The problem: Return the listing verbatim, images left out.

Data excerpt:
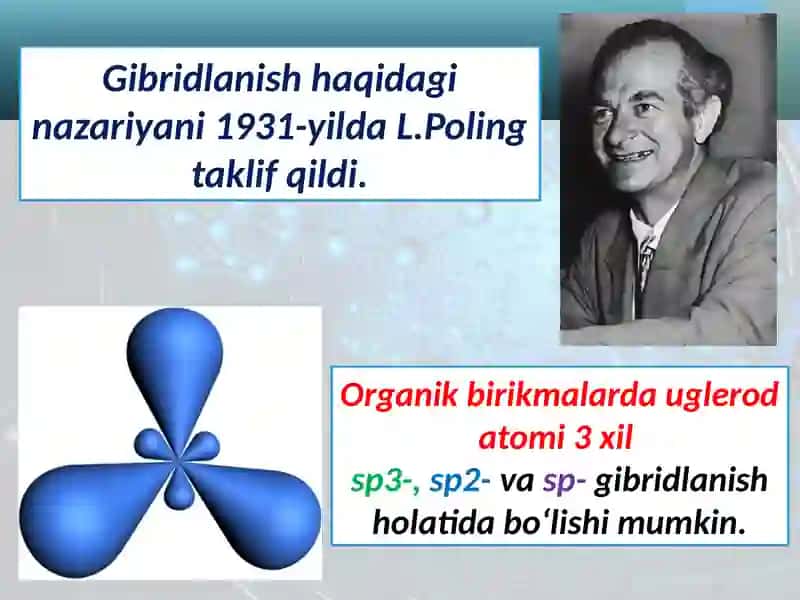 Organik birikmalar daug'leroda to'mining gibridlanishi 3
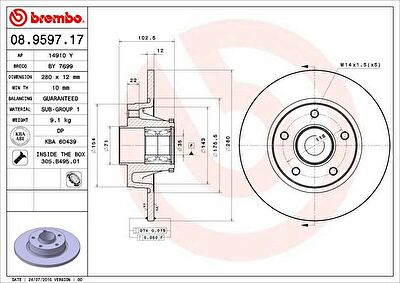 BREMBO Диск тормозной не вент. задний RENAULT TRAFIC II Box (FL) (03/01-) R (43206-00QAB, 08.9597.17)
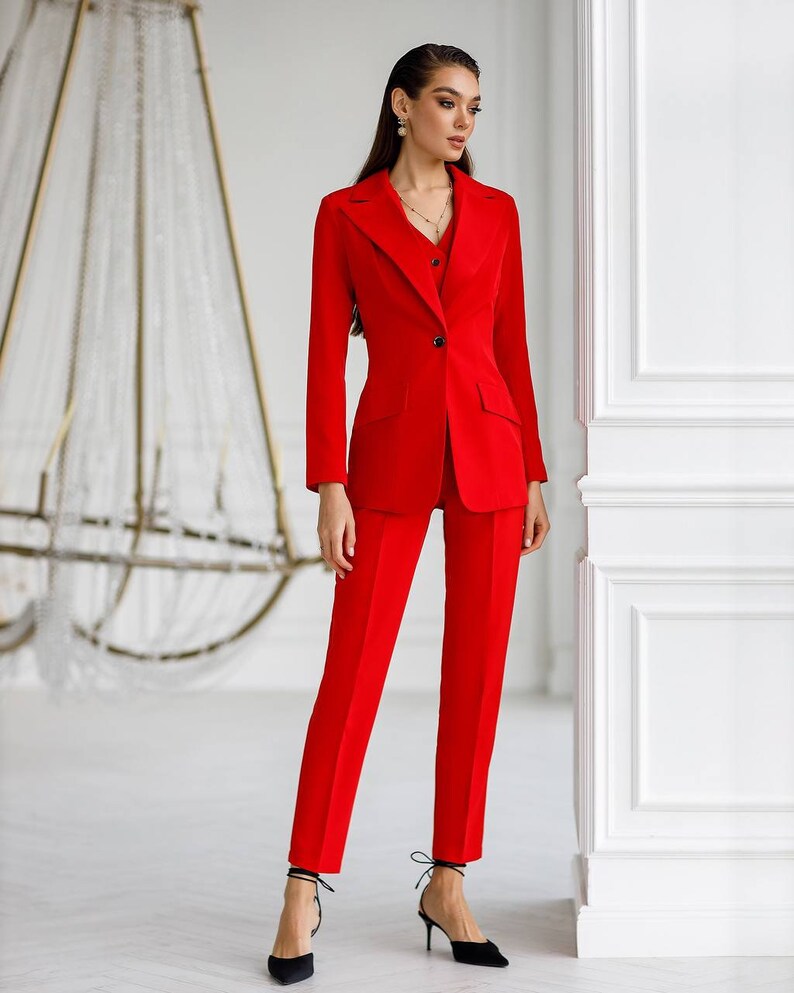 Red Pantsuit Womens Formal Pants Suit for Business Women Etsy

Result of the task:
 Organik birikmalar daug'leroda to'mining gibridlanishi 3
 BREMBO Диск тормозной не вент. задний RENAULT TRAFIC II Box (FL) (03/01-) R (43206-00QAB, 08.9597.17)
 Red Pantsuit Womens Formal Pants Suit for Business Women Etsy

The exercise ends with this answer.